Debouncing non-algorithms

To avoid being accused of making a hardware question into a somewhat software-related thread I'm moving this spinoff of the discussion here.

looking at this stuff:

http://www.ganssle.com/debouncing.htm

I find any kind of averaging or multi-sampling procedure to be either scary or useless depending, let's say at least in context where there is no non-switching related noise. Look at switch g. Ok, yes that switch's time scale is 2ms so averaging, or agreeing on 16ms samples would probably work, but not because the averaging or sampling is clever, but just because 16ms is long enough for that particular switch to settle completely anyway, and certainly 16ms times three is.

Looking here:

http://forums.parallax.com/discussion/126074/input-push-buttons-how-long-do-you-debounce-for

Most people just ask "what is enough debouncing time". And the answer in a sense depends on the hardware, if you want an aggressive answer.
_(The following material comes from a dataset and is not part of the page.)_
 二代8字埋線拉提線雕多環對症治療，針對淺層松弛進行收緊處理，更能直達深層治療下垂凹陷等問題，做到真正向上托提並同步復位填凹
However, if you're satisified with a conservative answer, it seems 50ms is enough for any switch, which is great because that's also fast enough to not be a problem for humans.

Now if it turned out that we want to accommodate all kinds of switches and even the most horrible ones, and if it turned out some of those really horrible ones bounced for say 150ms, then maybe we wouldn't want people with good switches to have such sluggishness, so we'd try to detect the early stability in those good switches faster while still accommodating those horrible switches. I'd be very afraid that still wouldn't work super reliably for the horrible ones, and would only work for the good ones because you sampled on 16ms instead of 2ms (and still other switches work fine at 5 micro-seconds). So it still comes down to what's long enough, or at least what's 1/3rd of long enough. As for that 1/3, if it wasn't that you actually were pretty sure that 3 times that was really long enough, and if there was a real possibility to still have random bouncing for three consecutive samples, then well just throwing dice, there's a 1 out 8 (correction: 1 out of 4) chance that three random readings agree. That doesn't spell dependability to me anymore than the noinit, hope 4 bits don't naturally settle to 0 (they sometimes do) did.
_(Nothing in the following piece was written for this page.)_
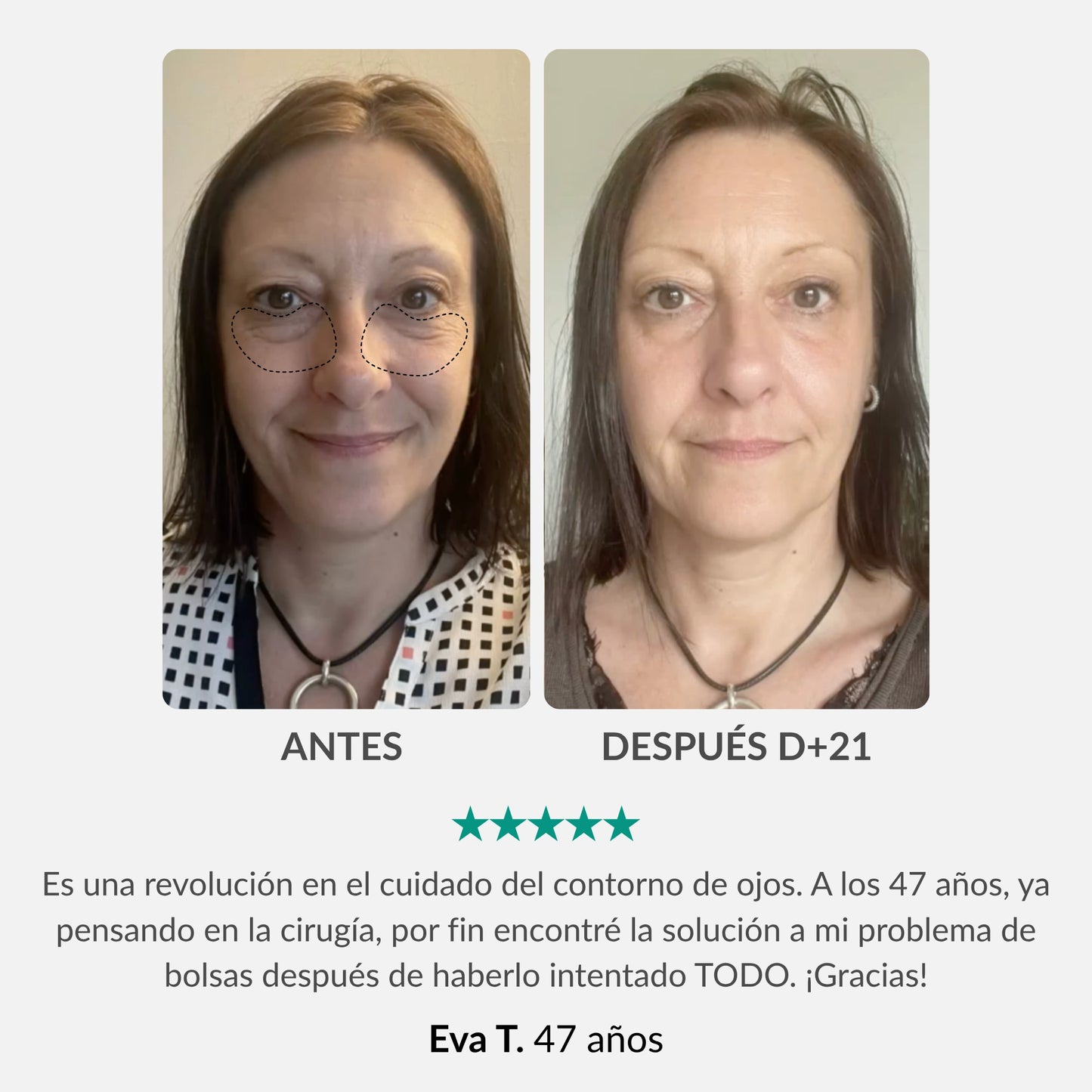 Helhetsbehandling för ögonkontur: Penna & aktiverande serum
Fortunately I don't see any reasonable evidence of any reasonable switch that remains bouncy longer than 50ms. So instead of needing some complicated algorithm that takes extra bytes and still might not always work, just wait. In every one of those pictures after 30ms you can safely sample the switch ONCE and get the right answer.

Quote from the first link:

"Easy to filter? Sure. But not by code that just looks for a couple of identical reads."

No, it's easy to filter by just waiting long enough until there's no concern.

One reason I didn't look for a debouncing algorithm, is that I don't believe in using one. By the time it's called an algorithm, it's already too clever. You can disagree, but you can't say I ignored other people's code. I just wasn't looking for an "algorithm". It just takes time for the switch to settle. That's it.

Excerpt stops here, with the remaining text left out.